** Task instructions **
Using the data that follows, output only the lines from the line with "Now fourteen divide" up to and including the line with "The first step", exactly, leaving pictures aside.

** Material provided **
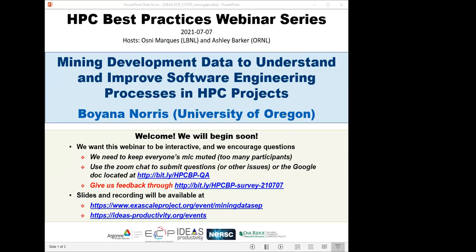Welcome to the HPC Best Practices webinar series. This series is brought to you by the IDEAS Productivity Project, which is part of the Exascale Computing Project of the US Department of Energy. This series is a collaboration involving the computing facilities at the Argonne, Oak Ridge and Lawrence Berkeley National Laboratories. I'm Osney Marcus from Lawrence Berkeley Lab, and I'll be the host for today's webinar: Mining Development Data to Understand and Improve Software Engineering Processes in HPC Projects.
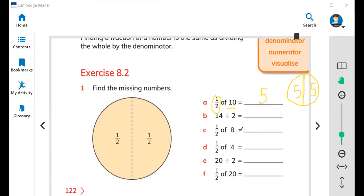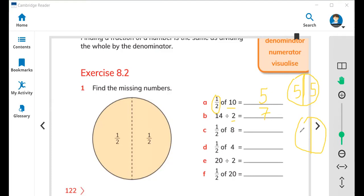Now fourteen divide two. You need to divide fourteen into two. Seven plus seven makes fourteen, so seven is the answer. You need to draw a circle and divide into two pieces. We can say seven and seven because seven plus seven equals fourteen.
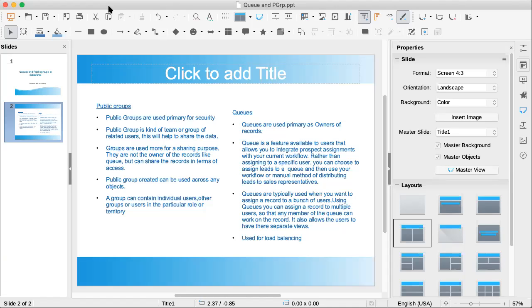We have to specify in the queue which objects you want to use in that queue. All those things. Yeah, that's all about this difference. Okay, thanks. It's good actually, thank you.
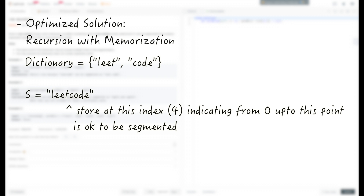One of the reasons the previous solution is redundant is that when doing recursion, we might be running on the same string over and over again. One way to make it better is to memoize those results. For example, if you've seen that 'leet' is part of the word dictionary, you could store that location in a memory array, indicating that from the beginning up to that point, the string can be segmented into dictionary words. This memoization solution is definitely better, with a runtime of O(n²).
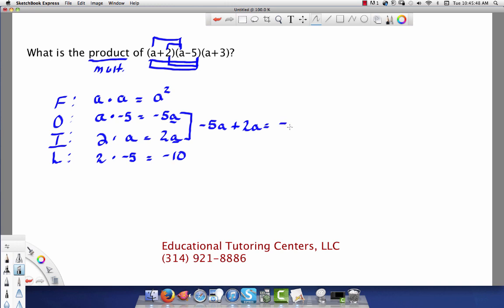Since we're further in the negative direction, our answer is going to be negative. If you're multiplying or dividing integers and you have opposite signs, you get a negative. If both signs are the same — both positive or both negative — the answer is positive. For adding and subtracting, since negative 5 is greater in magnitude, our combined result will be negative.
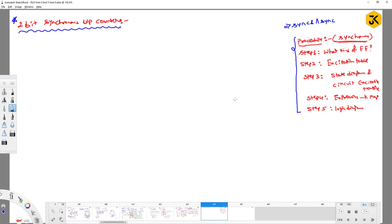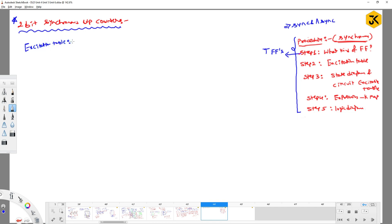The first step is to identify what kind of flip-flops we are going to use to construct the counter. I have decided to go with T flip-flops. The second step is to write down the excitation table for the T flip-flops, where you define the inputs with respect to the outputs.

* * *

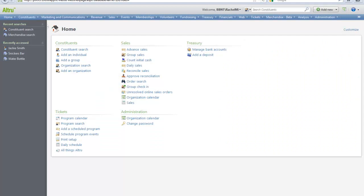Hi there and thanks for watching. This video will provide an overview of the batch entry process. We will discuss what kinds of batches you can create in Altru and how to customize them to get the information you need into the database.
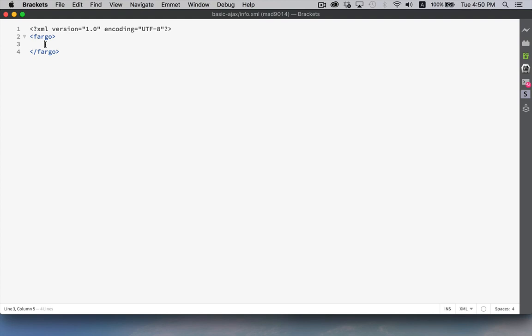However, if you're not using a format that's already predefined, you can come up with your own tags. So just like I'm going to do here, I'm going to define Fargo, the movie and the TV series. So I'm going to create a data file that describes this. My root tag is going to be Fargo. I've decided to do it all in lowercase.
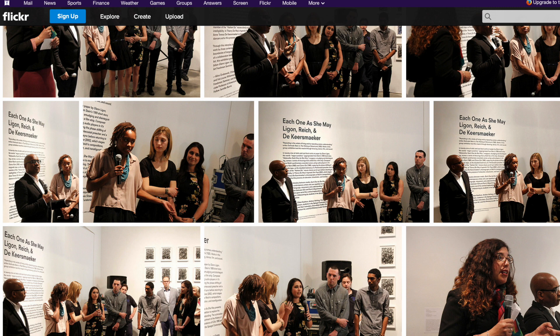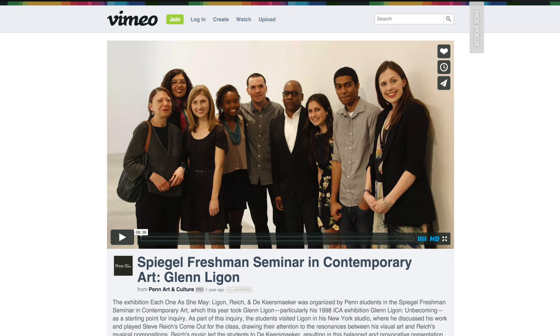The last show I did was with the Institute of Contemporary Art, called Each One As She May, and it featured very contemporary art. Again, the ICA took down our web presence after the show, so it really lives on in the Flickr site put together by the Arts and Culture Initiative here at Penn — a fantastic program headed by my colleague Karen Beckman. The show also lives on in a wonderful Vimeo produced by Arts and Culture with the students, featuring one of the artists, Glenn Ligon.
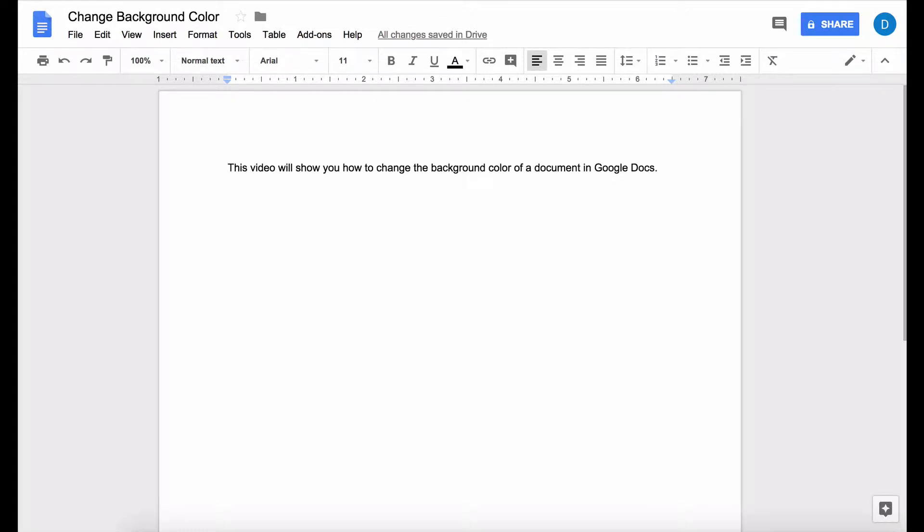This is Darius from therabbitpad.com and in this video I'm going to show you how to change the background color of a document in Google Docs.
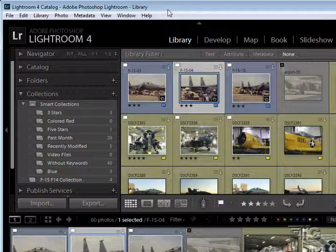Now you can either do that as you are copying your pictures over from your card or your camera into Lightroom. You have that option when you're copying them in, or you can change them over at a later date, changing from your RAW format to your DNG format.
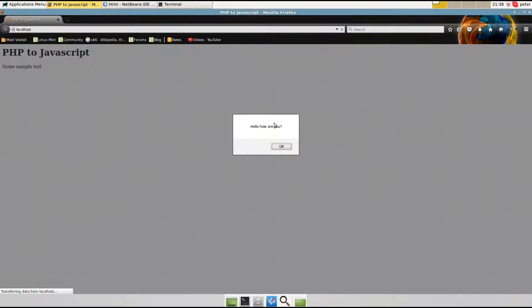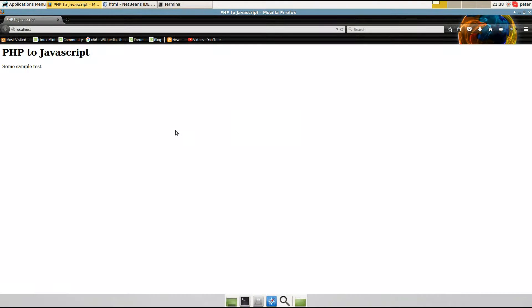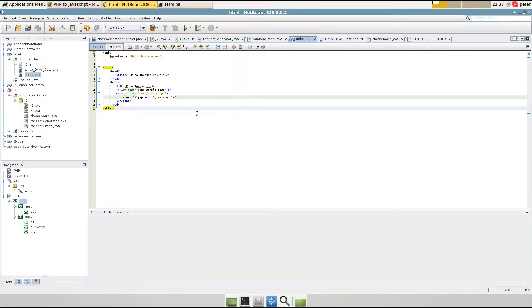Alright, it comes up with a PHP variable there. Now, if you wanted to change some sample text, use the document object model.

==

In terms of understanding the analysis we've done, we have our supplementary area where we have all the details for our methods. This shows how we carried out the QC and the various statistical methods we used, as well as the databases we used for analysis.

** Output below **
Now fourteen divide two. You need to divide fourteen into two. Seven plus seven makes fourteen, so seven is the answer. You need to draw a circle and divide into two pieces. We can say seven and seven because seven plus seven equals fourteen.
We have to specify in the queue which objects you want to use in that queue. All those things. Yeah, that's all about this difference. Okay, thanks. It's good actually, thank you.
One of the reasons the previous solution is redundant is that when doing recursion, we might be running on the same string over and over again. One way to make it better is to memoize those results. For example, if you've seen that 'leet' is part of the word dictionary, you could store that location in a memory array, indicating that from the beginning up to that point, the string can be segmented into dictionary words. This memoization solution is definitely better, with a runtime of O(n²).
Since we're further in the negative direction, our answer is going to be negative. If you're multiplying or dividing integers and you have opposite signs, you get a negative. If both signs are the same — both positive or both negative — the answer is positive. For adding and subtracting, since negative 5 is greater in magnitude, our combined result will be negative.
The first step is to identify what kind of flip-flops we are going to use to construct the counter. I have decided to go with T flip-flops. The second step is to write down the excitation table for the T flip-flops, where you define the inputs with respect to the outputs.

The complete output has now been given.